Internal validity is the approximate truth about inferences regarding cause-effect or causal relationships. This is why validity is important for quasi experiments because they are all about causal relationships. It occurs when the experimenter tries to control all variables that could affect the results of the experiment. Statistical regression, history and the participants are all possible threats to internal validity. The question you would want to ask while trying to keep internal validity high is "Are there any other possible reasons for the outcome besides the reason I want it to be?" If so, then internal validity might not be as strong.

External validity 

External validity is the extent to which the results obtained from a study sample can be generalized "to" some well-specified population of interest, and "across" subpopulations of people, times, contexts, and methods of study. Lynch has argued that generalizing "to" a population is almost never possible because the populations to which we would like to project are measures of future behavior, which by definition cannot be sampled.
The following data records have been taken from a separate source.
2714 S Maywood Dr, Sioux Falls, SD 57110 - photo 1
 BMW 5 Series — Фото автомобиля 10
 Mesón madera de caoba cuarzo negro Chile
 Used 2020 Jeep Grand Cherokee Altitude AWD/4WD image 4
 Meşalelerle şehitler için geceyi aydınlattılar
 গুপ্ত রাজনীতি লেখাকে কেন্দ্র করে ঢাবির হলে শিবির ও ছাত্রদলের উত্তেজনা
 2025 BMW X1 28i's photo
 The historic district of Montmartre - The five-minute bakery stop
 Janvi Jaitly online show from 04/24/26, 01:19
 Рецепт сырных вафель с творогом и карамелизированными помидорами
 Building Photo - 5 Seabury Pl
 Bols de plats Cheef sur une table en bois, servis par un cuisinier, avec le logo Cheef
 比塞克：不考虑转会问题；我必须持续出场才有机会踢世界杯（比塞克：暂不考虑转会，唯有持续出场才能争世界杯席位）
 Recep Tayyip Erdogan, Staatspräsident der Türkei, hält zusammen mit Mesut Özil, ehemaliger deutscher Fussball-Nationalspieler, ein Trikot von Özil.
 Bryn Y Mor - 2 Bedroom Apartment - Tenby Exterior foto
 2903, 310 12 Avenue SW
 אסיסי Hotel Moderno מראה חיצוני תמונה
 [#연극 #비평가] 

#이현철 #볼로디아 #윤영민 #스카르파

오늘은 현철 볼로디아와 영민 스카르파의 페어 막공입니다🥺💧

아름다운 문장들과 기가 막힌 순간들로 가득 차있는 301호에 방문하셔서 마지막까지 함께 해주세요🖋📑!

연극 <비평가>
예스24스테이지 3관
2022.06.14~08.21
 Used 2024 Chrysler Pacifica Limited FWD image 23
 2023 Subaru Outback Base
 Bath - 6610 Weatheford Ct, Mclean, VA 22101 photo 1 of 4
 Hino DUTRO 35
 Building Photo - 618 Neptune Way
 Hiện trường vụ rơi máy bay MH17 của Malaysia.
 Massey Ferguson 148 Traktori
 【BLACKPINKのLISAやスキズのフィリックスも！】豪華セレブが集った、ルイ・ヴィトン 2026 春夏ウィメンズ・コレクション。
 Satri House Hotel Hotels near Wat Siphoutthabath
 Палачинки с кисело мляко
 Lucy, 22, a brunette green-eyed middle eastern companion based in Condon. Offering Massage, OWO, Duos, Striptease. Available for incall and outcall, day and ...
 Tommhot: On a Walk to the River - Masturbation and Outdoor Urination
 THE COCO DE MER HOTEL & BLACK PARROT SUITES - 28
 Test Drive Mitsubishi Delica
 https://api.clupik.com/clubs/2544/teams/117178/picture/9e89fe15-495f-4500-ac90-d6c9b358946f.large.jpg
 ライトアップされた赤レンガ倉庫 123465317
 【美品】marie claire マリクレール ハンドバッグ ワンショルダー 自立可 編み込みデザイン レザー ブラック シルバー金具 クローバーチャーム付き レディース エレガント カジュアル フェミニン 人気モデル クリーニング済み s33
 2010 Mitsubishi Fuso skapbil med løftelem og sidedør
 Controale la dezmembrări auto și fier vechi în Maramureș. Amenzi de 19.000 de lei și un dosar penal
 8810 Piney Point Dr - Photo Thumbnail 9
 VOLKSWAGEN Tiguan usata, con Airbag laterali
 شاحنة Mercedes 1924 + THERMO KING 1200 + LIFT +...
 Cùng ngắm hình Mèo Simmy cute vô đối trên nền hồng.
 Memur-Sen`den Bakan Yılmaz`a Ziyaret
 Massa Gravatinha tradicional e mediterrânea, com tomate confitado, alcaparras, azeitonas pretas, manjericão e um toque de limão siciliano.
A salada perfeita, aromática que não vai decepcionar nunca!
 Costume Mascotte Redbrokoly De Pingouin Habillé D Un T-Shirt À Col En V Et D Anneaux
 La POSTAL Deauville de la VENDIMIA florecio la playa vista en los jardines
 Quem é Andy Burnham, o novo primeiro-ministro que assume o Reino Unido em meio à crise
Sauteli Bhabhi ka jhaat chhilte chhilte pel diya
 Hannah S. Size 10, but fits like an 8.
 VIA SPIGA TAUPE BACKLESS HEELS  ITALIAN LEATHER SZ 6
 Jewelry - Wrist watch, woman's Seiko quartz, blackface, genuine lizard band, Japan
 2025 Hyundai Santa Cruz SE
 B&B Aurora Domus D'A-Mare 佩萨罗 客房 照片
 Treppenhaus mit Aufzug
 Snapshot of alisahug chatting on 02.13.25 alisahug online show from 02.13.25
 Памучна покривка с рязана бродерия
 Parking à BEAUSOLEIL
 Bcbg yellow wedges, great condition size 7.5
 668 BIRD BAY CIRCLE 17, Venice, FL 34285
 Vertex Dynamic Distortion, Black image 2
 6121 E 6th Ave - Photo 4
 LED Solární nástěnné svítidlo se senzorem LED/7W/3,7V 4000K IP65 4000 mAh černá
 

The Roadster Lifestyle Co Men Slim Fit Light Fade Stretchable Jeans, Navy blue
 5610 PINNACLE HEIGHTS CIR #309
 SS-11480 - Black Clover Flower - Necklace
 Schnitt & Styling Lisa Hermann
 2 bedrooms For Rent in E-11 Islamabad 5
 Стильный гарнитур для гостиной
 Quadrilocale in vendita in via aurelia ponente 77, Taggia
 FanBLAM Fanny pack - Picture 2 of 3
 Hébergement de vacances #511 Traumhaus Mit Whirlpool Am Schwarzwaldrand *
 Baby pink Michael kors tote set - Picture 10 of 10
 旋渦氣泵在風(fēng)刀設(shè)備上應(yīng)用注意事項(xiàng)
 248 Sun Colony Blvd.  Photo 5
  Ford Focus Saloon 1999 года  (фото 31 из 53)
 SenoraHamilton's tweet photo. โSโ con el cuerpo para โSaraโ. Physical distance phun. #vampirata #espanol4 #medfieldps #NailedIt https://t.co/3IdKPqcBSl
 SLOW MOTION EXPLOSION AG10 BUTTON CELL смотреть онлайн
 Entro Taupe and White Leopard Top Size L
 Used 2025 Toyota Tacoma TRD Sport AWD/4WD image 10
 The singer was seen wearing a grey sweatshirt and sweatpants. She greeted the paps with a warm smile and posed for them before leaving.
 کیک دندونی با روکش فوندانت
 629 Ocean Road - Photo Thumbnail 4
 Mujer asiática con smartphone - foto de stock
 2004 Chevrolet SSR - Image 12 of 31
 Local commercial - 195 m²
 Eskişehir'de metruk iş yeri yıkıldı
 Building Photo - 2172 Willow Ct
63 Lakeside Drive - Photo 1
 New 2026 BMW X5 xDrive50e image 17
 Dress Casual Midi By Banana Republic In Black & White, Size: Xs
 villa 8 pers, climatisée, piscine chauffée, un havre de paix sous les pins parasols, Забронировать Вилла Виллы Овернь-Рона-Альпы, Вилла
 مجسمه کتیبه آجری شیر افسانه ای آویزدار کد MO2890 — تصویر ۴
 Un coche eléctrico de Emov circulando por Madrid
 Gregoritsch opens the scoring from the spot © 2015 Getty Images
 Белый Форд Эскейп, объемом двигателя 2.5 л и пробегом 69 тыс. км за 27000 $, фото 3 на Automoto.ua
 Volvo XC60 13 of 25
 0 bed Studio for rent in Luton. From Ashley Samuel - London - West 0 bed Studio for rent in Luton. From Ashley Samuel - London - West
Therefore, the more relevant question is whether treatment effects generalize "across" subpopulations that vary on background factors that might not be salient to the researcher. External validity depends on whether the treatments studies have homogeneous effects across different subsets of people, times, contexts, and methods of study or whether the sign and magnitude of any treatment effects changes across subsets in ways that may not be acknowledged or understood by the researchers. Athey and Imbens and Athey and Wager have pioneered machine learning techniques for inductive understanding of heterogeneous treatment effects.

Design types 

"Person-by-treatment" designs are the most common type of quasi experiment design. In this design, the experimenter measures at least one independent variable. Along with measuring one variable, the experimenter will also manipulate a different independent variable. Because there is manipulating and measuring of different independent variables, the research is mostly done in laboratories. An important factor in dealing with person-by-treatment designs is that random assignment will need to be used in order to make sure that the experimenter has complete control over the manipulations that are being done to the study.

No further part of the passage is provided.